Lead with the hip.  Turn you hips, and body to the point that your suporting foot turns (on the balls), so that the heal almost points forward.  

If you are left lead, your supporting heal should point to about 2 o'clock.

At impact, I think your hips should point to 12 o'clock (I'm not so sure of this).  

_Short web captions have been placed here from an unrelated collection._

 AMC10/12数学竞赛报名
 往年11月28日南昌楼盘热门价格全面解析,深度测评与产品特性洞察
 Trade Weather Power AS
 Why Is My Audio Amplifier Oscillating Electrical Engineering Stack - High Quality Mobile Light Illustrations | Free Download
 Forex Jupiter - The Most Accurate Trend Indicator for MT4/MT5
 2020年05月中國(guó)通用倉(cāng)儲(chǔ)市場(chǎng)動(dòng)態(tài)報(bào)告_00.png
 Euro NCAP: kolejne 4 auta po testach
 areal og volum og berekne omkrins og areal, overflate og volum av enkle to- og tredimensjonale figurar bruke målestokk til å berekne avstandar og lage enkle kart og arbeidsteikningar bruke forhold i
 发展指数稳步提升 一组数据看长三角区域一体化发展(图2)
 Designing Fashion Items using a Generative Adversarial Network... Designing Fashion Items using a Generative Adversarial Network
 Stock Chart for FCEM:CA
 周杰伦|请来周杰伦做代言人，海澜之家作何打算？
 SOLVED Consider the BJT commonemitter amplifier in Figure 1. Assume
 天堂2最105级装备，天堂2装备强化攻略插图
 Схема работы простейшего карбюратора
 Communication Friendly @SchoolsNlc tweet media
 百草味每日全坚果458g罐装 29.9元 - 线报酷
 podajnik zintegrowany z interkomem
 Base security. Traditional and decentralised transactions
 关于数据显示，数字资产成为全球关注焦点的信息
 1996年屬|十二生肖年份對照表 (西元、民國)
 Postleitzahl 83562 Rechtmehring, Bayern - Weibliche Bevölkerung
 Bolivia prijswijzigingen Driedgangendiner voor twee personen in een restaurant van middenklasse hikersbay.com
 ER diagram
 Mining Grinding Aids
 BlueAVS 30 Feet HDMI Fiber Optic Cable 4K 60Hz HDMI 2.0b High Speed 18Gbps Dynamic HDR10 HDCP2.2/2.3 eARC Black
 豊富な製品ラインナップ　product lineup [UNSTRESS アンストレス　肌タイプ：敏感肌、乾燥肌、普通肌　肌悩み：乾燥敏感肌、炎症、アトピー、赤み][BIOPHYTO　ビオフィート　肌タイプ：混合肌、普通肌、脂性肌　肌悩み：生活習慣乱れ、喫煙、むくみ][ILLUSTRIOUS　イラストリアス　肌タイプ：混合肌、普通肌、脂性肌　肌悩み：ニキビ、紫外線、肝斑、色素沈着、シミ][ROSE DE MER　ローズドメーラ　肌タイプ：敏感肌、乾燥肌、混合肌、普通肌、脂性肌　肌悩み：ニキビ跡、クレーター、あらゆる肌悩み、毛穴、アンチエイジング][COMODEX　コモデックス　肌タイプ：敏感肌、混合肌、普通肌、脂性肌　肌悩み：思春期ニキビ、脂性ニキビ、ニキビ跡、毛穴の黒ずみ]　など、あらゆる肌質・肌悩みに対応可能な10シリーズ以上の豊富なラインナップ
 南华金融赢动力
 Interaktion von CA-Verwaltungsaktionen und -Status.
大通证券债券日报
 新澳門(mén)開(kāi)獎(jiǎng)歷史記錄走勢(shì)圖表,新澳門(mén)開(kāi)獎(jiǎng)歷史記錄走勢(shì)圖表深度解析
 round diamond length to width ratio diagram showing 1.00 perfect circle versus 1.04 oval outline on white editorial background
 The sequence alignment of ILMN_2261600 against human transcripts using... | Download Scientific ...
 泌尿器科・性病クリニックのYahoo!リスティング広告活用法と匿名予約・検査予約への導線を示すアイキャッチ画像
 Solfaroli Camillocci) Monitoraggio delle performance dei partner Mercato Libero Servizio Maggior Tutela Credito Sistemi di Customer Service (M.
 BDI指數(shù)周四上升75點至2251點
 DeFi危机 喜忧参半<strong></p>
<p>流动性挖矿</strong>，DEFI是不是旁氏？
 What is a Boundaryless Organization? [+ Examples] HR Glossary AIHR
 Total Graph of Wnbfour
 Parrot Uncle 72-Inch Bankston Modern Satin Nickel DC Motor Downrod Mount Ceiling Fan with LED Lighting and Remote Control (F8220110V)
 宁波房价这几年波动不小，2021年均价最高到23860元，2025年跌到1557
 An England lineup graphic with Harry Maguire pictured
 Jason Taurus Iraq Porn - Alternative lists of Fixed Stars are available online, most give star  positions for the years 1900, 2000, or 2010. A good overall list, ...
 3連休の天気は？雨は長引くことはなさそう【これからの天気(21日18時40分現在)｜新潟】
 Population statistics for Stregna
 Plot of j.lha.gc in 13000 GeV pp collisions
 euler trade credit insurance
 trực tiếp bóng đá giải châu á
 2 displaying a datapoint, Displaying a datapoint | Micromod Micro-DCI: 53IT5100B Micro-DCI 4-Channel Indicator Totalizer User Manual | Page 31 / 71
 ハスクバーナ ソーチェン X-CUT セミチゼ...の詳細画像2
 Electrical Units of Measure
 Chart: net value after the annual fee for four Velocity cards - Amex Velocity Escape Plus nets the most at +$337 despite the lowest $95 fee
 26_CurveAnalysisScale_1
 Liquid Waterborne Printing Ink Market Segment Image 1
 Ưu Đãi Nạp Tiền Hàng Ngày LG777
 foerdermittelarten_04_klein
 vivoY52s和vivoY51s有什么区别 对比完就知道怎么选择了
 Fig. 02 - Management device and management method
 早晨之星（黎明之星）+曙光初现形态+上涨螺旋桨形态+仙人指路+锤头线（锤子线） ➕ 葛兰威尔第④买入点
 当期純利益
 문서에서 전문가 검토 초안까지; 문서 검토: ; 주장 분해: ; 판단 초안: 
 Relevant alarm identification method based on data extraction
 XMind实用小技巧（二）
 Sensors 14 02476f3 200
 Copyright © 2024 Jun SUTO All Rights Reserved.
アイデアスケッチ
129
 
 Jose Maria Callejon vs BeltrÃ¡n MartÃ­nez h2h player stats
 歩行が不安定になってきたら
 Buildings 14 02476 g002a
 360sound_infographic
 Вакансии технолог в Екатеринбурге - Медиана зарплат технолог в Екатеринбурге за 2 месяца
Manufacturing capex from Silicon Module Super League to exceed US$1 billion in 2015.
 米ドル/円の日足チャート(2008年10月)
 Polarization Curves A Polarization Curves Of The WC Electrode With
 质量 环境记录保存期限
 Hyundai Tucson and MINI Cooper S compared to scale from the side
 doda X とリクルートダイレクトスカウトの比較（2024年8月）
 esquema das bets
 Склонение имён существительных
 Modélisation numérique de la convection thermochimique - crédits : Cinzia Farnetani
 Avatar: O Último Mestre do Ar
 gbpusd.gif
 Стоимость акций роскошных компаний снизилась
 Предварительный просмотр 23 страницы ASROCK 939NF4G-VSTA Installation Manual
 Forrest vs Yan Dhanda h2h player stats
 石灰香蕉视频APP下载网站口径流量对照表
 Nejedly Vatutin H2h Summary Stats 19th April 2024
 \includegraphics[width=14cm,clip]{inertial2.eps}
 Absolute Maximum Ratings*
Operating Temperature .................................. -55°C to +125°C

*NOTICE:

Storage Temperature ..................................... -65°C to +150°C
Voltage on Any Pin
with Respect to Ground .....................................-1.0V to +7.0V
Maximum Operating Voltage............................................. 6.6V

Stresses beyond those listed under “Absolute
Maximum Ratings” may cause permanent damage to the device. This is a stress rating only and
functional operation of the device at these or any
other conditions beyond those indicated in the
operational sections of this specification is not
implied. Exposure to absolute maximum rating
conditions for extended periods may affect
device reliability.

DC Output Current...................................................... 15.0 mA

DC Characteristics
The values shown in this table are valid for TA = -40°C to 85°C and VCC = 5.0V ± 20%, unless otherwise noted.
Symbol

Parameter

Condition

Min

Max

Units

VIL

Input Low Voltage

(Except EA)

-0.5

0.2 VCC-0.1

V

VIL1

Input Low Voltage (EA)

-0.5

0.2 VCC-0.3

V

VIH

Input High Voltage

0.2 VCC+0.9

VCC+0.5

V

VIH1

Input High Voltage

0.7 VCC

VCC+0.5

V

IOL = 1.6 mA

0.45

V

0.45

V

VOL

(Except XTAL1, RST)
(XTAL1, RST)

Keep your kicking knee partially bent.  DO NOT SNAP.  This kick slams in like a baseball bat (not like a hammer).  You strike with your lower shin, not the instep.  If you miss, you usually spin around.  When you do hit (a bag or a person), you can usually get back to onguard by straightening the leg, to push off the target.

Practice on a heavy bag.

My $0.02, from JKDC training (not actual MT, so what do I know)


----------



## muayThaiPerson (Mar 6, 2003)

Speed and not power?

Let me tell you that power is a combo of speed and mass. without speed, the kick isnt that powerful. The best way to get good is to PRACTICE PRACTICE PRACTICE. I practiced for a long a$$ time until I got it good. so dont quit even if u think u cant do any kicks. i used to think "im quiting" but i stayed in the game and got good:asian:


----------



## Pervaz (Mar 7, 2003)

Cool - thx for the tips guys .. seems to be a case of blood, sweat and tears


----------



## Robbo (Mar 7, 2003)

Only three things make a good kicker...

practise,

practise,

practise.

Rob


----------



## Lyfeenz (Apr 9, 2003)

1 thing first , get some proper training on how to do it well . 
then ,  Practice , Practice , Practice.

One other thing .... How do you like systema??
I went to some classes here in T.O. at Vladimir's school , it was pretty cool . Not exactly what i was looking for in the way of training , but Damn Vlad makes it look GOOD !!! 
To this day i will remember 1 thing , Getting hit with the stick


----------



## Withered Soul (Apr 10, 2003)

Get some support in front of you, weather it's a door frame, wall or chair. Now do your desired kick but very slowly. When you get to the point where the kick should make contact, hold it for about 3 seconds and then bring it back to the start. Do 3 sets of 10-15 reps.
Don't forget to do these slowly.


----------



## Elfan (Apr 10, 2003)

Previous discussion on speed vs power:

http://www.martialtalk.com/forum/showthread.php?s=&threadid=4035

http://www.martialtalk.com/forum/showthread.php?s=&threadid=6908


----------